Personnellement, après avoir été carté vert et alternatif pendant 14 ans, et écologiste indépendant non carté ces 6 dernières années, j'ai décidé, toujours écologiste, de rejoindre le MoDem parce que j'ai estimé que c'était là où il se passerait le plus de choses à l'avenir, de par sa position centrale, de pivot. Et en effet depuis un mois le MoDem est devenu le "centre" d'intérêt de la classe politique. On n'y fait certainement pas de la politique autrement (je doute que ceux qui en parlent le plus le fassent vraiment), mais au moins on y fait de la politique honnêtement et courageusement. Suite à cette Université de rentrée du MoDem, à laquelle j'ai participé (avec Michèle Courmont, Jean-Marc Leroy, Gérard Clais, Paméla Bourigeaud, Gilles Brunot, Jean-Marc Pichon), nous travaillons d'abord sur le projet, pour le confronter aux autres, dans la perspective d'une alternative politique au système Sarkozy.

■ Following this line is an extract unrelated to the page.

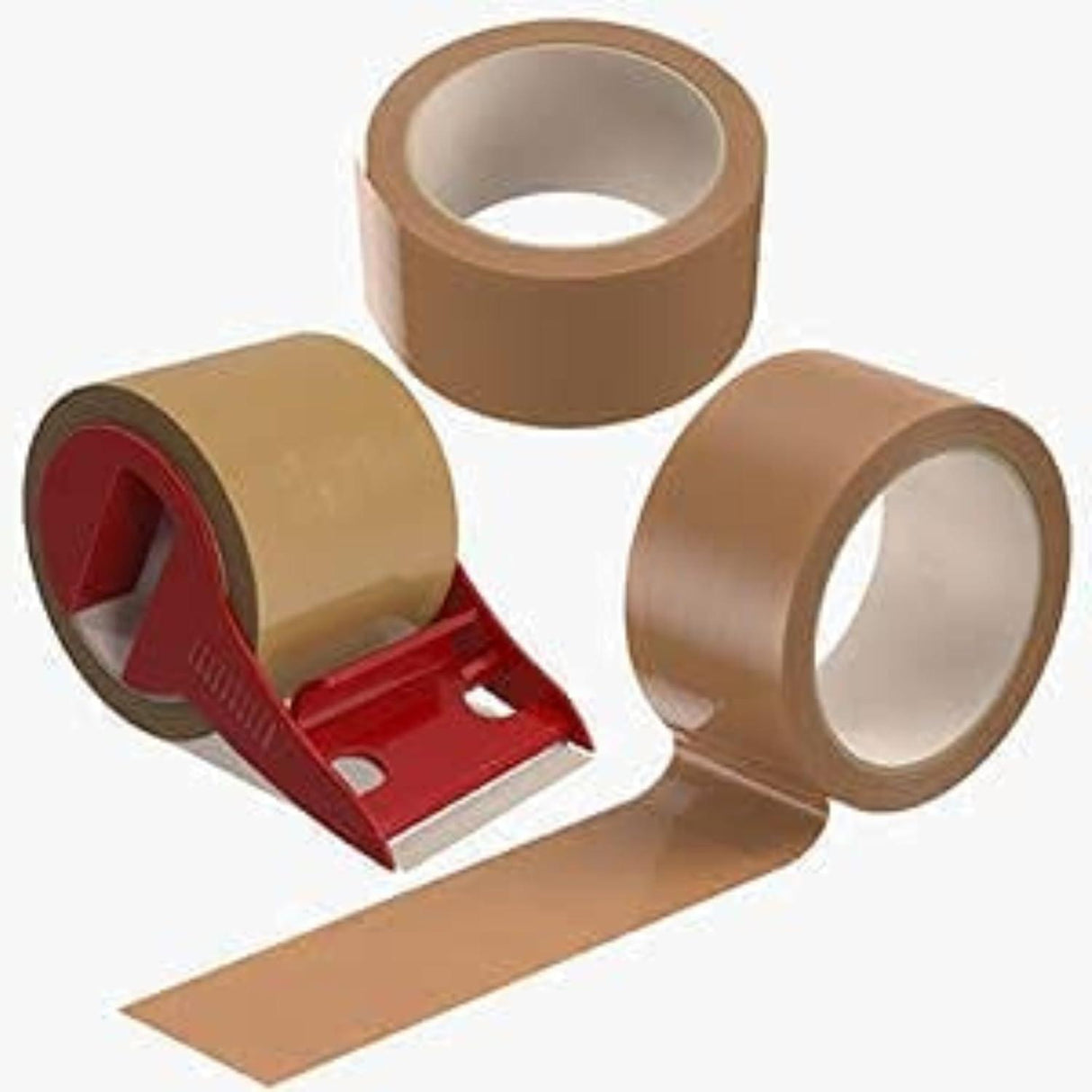 Premium Cello Tape 2 Inch (5 cm) Wide, 65m Length, Brown | BOPP Packaging Tape, Set of 6 Rolls - Singhal Mart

Alors, chers camarades, NOUS ne posons aucune exclusive au nouveau rassemblement écologique, social et démocratique, rien ne servira de "diaboliser" le MoDem parce qu'il vous apparaît comme le prolongement de l'ancienne UDF ou parce qu'il sort de votre schéma gauche-gauche qui n'est pas majoritaire de toute façon dans la société. Chers camarades, le MoDem sera peut-être une chance pour vous dans une autre configuration, cessez de nous attaquer, respectons-nous, l'histoire n'est pas écrite d'avance. Songez, même si ça vous fait mal a priori, au "compromis historique" du Parti Communiste Italien (avec Enrico Berlinguer), qu'a rappelé fort à propos Robert Hue lui-même à Marseille.

Vous n'avez plus la main, mais vous n'êtes pas perdus pour autant.

Jean-Marc Ben


*Rusé: "Rassemblement Unitaire Social Écologique". L'adjectif "écologique" me semble de trop, il y a usurpation d'identité politique, non ? Si on enlève donc le "É", cela devient le RUS... Tiens, en prononçant toutes les lettres, ça fait tout de suite plus "rétro"!